Since my poor pale skin is aclimatised to Edinburgh's recent dreary weather I haven't ventured far off the covered portch the last couple of days...and when I did my poor brother took pity on me and bought me a popsicle to cool me down (I was literally melting on main street).
I need to build up a tolerance to the burning sun, as well as the heat. And the best way to do that is to...obviously...indulge in all the classic canadian treats I can. I need to renew the Canadian in me. First step to this is drinking Tim Hortons coffee and eating as many sour cream glazed doughnuts I can stuff in my face. The second is to try as many different brands of Butter Tart I can get my hands on in Huntsville. I started with a mass produced number from a local supermarket, enjoyed with a cup of tea and a cook book on the porch. It was good as supermarket butter tarts go. The filling was thick...with a decent number of raisins. The pastry was alright.
The thing about butter tarts is that everybody has a different recipe...and everbody has a different idea of what consitutes the perfect butter tart. The filling can be thick or runny, with or without raisins or nuts, the pastry cane be thick or thin...so many different opinions and options. I am partial to a runny filling but not fussy about raisins or nuts, and as long as the pastry is short I am happy (I can forgive a soggy bottom).

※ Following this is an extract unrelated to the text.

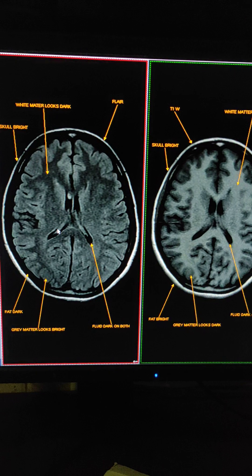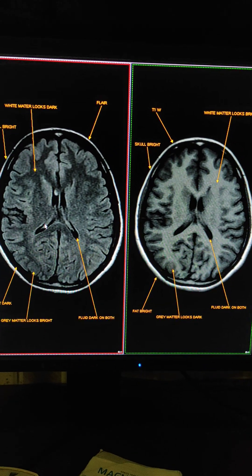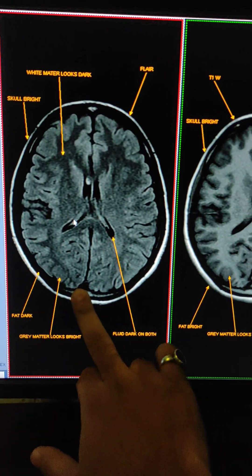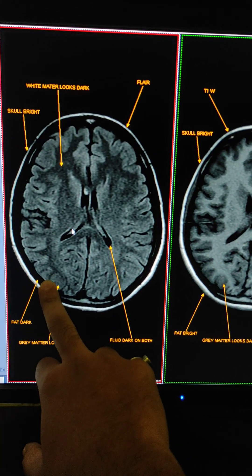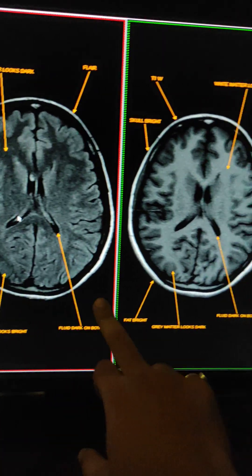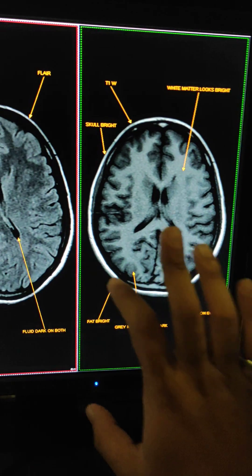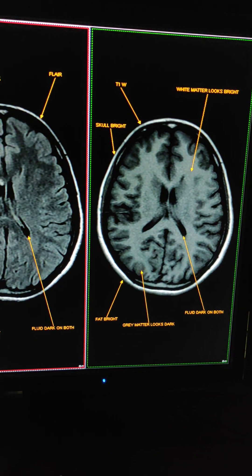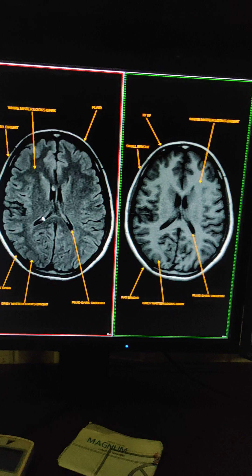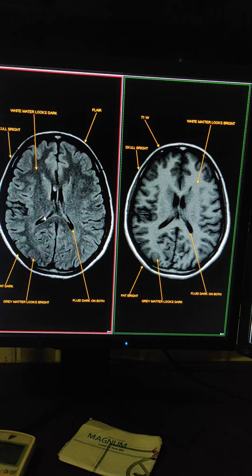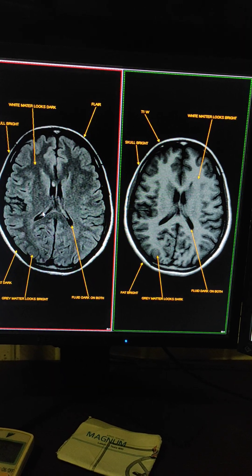Another thing you can use to differentiate is fat. In FLAIR sequence, fat looks dark. In T1 weighted sequence, fat is bright. From these things, you can differentiate between T1 weighted and FLAIR sequence.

A friend of my mum's came to visit today and brought us a pack of butter tarts from Baysville, a town not far from Huntsville. The pastry was pale, but the filling was perfectly sweet, runny and not a raisin in sight! The difference between these handmade tarts and the store bought ones are immedietly apparent...but I'd happily eat either.
Two butter tarts and a doughnut in my belly...with Tim Hortons coffee now flowing through my veins I think I am just about ready to brave the sun.